The Audience Voice Processor receives a complex mixture of sounds that often overlap at any given frequency, and organizes it into individual sources, in the same way people actually hear sounds. Regardless of whether the noise is local to the caller, or remote over the mobile network, the Audience Voice Processor uses several grouping cues to group the mixture of sound by source instantaneously, suppressing the noise and delivering the voice of interest clearly.

Cues and the Cocktail Party Effect

A well-known illustration of ASA is the so-called cocktail party effect; at a busy party, one is able to follow a conversation even though other voices and background music are present. Almost all sounds, such as the human voice, musical instruments, or cars passing in the street, are made up of many frequencies, which contribute to the perceived quality (or timbre) of the sounds. When two or more natural sounds occur at once, all the components of the simultaneously active sounds are received at the same time by the ears of listeners. This presents their auditory systems with a problem: Which frequency components should be grouped together and treated as parts of the same sound? Grouping them incorrectly can cause the listener to hear non-existent sounds built from the wrong combinations of the original components.

Dozens of grouping principles underlie ASA. These can be broadly categorized into sequential grouping cues (those that operate across time) and simultaneous grouping cues (those that operate across frequency). In addition, schemas (learned patterns) play an important role. The job of ASA is to group incoming sensory information to form an accurate mental representation of the environmental sounds. Regardless of whether a sound source is steady and constant, or transitory and moving, ASA handles each effectively.

Back to top

Reverse Engineering the Auditory Pathway


Figure 1: Audience Voice Processor

Fast Cochlea Transform™

Just as the cochlea is central to the human auditory system, the Fast Cochlea Transform (FCT) is the heart of the Audience Voice Processor. Sound enters the Voice Processor through microphones, is digitized, and enters the Fast Cochlea Transform. The FCT transforms the digital audio stream into a three dimensional, high-quality spectral representation of the sound mixture, as shown in Figure 2. Time is on the x axis, frequency on the y axis, and loudness in decibels (dB) on the z axis, that is represented in color, with red being the loudest, to blue being the softest. The transformation provides optimum time-frequency resolution on a logarithmic frequency axis, without introducing frame artifacts, to allow the various components of the multiple sound sources to be characterized and separated from each other.

The FCT's transformation into the spectral domain is essential for Audience's high-performance noise suppression because it permits regions of the frequency spectrum to be separately identified with different sound sources, even when they are present simultaneously.

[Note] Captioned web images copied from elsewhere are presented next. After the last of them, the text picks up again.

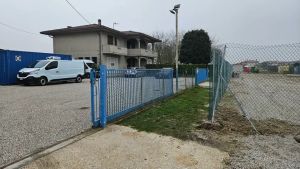 Il caso del muro della discordia che intrappola lo chef stellato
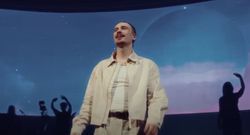 Pierre Garnier nous fait vivre l’effervescence de sa tournée avec le clip de «  Ce qui me va »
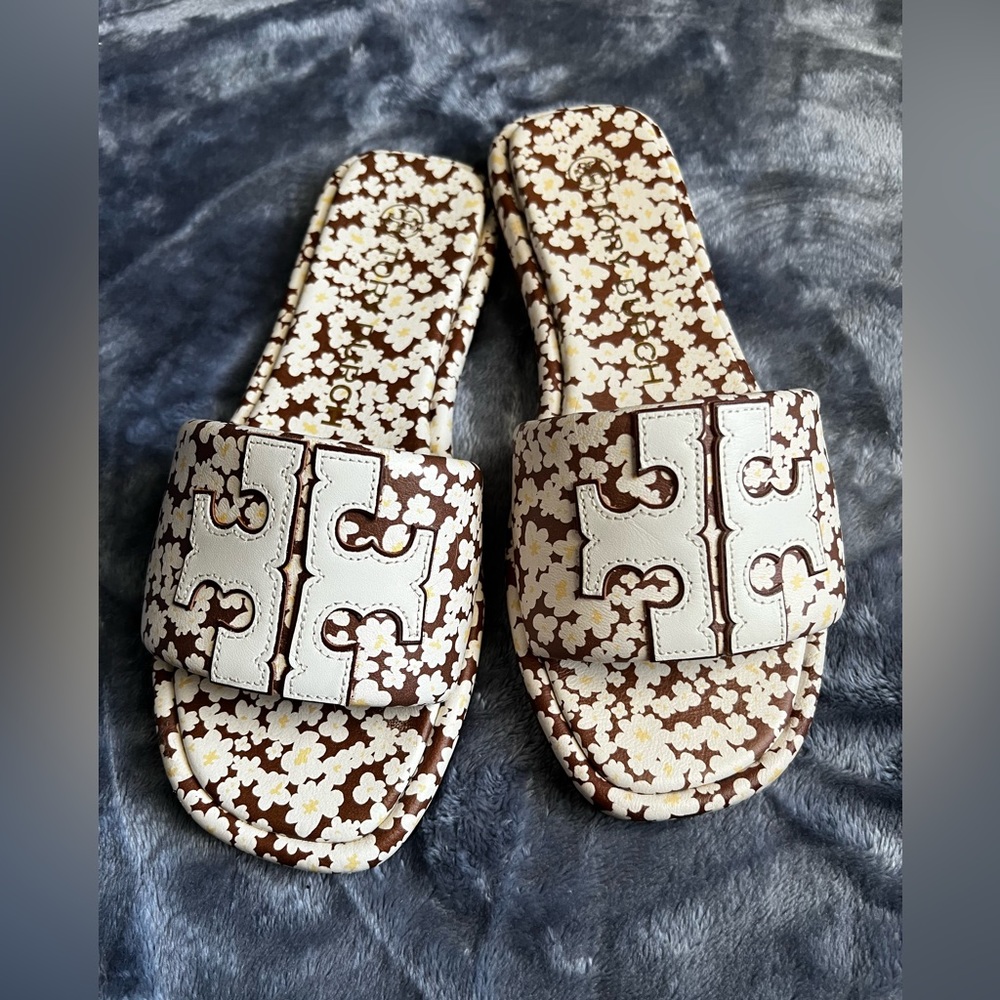 ‼️SOLD ‼️.  TORY BURCH SANDALS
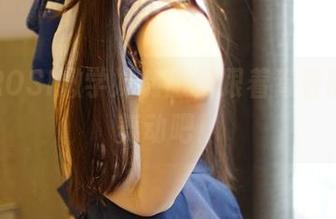 下载ROSI嫩学妹制服，跟着青春的节拍舞动吧！
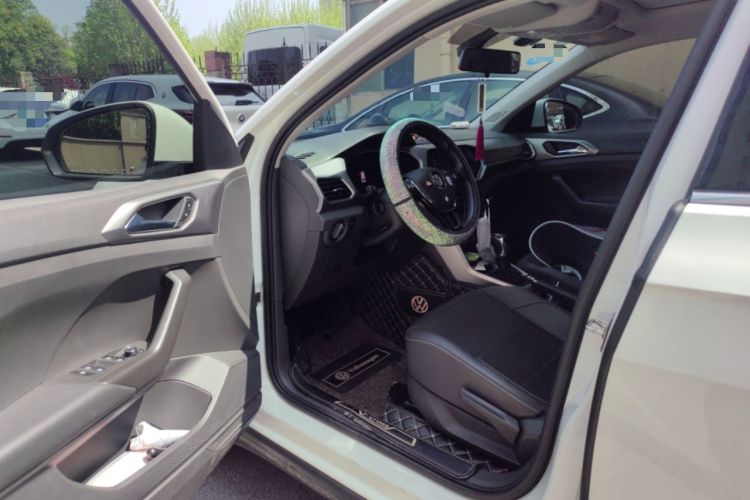 Used Volkswagen T-Cross 2019 280TSI DSG Luxury Edition Driver Seat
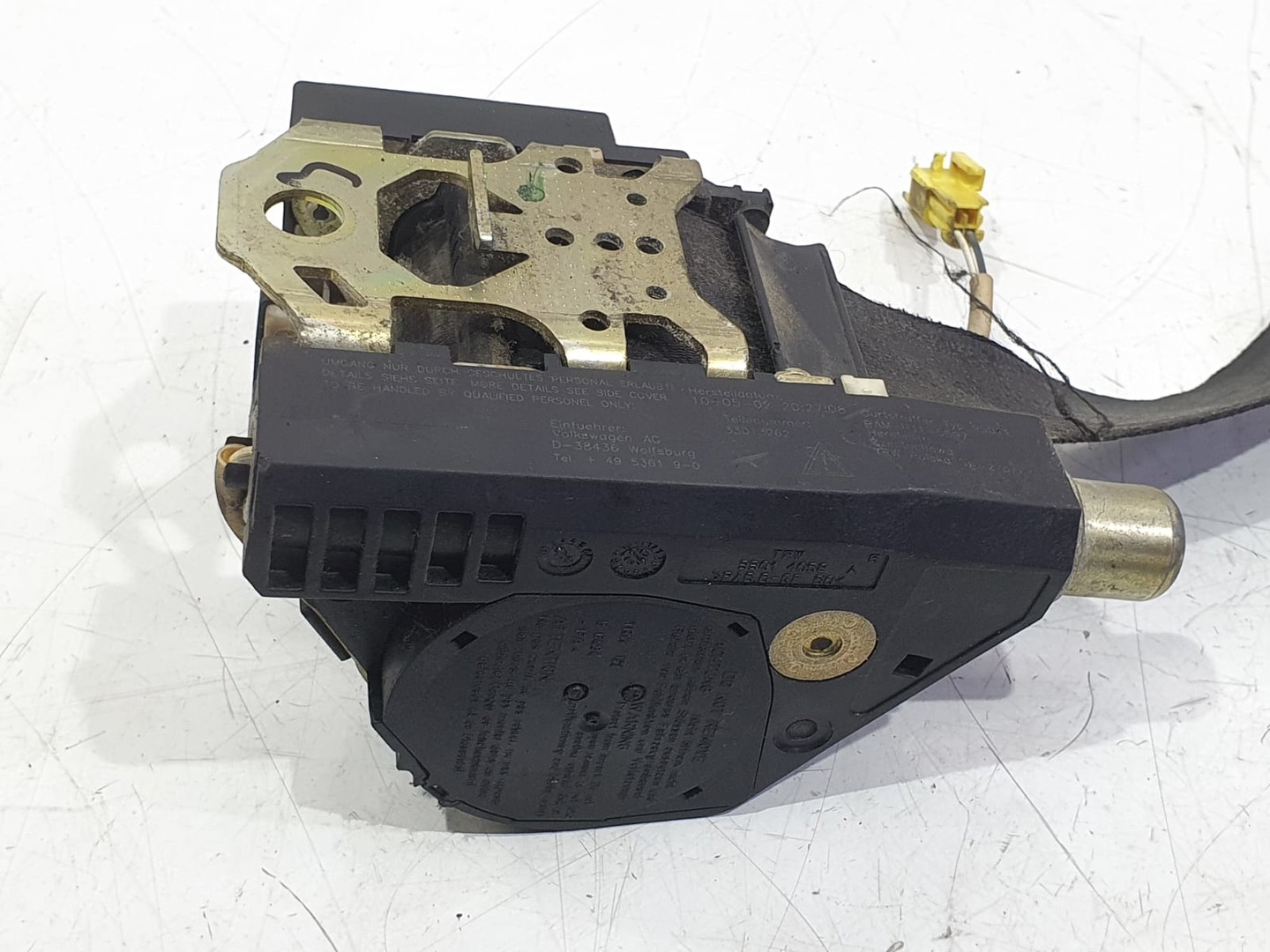 Centura siguranta dreapta fata 33014052a Volkswagen Golf 4 (1997 - 2006)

A simple time-domain solution, operating directly on the sound waveform, would not be able to identify and separate the large number of simultaneous sources present in the example of Figure 2. Between 4 and
8 kHz, there is a high pitched sound that appears as four parallel lines from 3 - 4 seconds on the x axis. Without the frequency transformation, this noise would be inseparable from the voice signal that appears simultaneously represented as wavy lines and occurs at the same time.


Figure 2: Spectral Representation using the Fast Cochlea Transform™.

The Fast Cochlea Transform is similar to the Fast Fourier Transform (FFT) that is commonly used in Digital Signal Processing. Both transform the signal into the frequency domain for audio processing, but the FCT is much better suited to mapping audio signals in several critical ways.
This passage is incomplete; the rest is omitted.